[WHAT THE EXERCISE ASKS]
Please output the data below exactly as given, starting at its first line and stopping after the line that contains "red christmas ball with clipping path".

________________________

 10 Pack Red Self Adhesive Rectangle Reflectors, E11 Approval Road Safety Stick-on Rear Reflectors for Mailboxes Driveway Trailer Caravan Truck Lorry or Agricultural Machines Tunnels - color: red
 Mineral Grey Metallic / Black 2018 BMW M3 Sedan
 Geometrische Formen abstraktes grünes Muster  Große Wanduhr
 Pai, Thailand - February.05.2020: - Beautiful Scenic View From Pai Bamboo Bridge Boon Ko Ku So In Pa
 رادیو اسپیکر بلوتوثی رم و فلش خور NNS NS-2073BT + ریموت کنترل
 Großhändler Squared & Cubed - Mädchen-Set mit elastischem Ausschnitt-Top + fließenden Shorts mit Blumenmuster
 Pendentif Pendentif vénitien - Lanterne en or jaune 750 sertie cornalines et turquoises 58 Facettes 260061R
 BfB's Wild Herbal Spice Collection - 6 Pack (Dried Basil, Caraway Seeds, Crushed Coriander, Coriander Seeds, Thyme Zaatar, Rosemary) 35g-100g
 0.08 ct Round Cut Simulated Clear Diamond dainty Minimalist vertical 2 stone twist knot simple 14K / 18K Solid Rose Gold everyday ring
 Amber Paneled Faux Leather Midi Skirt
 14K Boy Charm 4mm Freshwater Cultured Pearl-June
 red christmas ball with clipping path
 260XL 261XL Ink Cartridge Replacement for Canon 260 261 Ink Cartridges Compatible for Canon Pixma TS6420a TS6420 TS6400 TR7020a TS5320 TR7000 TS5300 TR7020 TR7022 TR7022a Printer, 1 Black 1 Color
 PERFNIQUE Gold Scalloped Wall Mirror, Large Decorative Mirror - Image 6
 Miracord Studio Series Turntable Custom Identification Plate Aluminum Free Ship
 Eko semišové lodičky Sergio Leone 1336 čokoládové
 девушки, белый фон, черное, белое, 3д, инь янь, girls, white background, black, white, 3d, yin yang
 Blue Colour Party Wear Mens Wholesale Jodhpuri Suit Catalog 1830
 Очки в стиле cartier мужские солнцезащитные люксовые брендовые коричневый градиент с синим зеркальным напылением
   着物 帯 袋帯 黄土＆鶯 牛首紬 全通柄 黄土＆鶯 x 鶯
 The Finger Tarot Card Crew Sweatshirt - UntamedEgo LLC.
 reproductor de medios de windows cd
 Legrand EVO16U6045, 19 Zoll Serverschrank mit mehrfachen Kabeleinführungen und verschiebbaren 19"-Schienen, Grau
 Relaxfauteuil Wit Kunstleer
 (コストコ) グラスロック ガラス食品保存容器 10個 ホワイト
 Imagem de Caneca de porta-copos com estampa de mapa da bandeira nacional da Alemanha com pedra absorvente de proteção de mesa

________________________

[TASK SOLUTION]
 10 Pack Red Self Adhesive Rectangle Reflectors, E11 Approval Road Safety Stick-on Rear Reflectors for Mailboxes Driveway Trailer Caravan Truck Lorry or Agricultural Machines Tunnels - color: red
 Mineral Grey Metallic / Black 2018 BMW M3 Sedan
 Geometrische Formen abstraktes grünes Muster  Große Wanduhr
 Pai, Thailand - February.05.2020: - Beautiful Scenic View From Pai Bamboo Bridge Boon Ko Ku So In Pa
 رادیو اسپیکر بلوتوثی رم و فلش خور NNS NS-2073BT + ریموت کنترل
 Großhändler Squared & Cubed - Mädchen-Set mit elastischem Ausschnitt-Top + fließenden Shorts mit Blumenmuster
 Pendentif Pendentif vénitien - Lanterne en or jaune 750 sertie cornalines et turquoises 58 Facettes 260061R
 BfB's Wild Herbal Spice Collection - 6 Pack (Dried Basil, Caraway Seeds, Crushed Coriander, Coriander Seeds, Thyme Zaatar, Rosemary) 35g-100g
 0.08 ct Round Cut Simulated Clear Diamond dainty Minimalist vertical 2 stone twist knot simple 14K / 18K Solid Rose Gold everyday ring
 Amber Paneled Faux Leather Midi Skirt
 14K Boy Charm 4mm Freshwater Cultured Pearl-June
 red christmas ball with clipping path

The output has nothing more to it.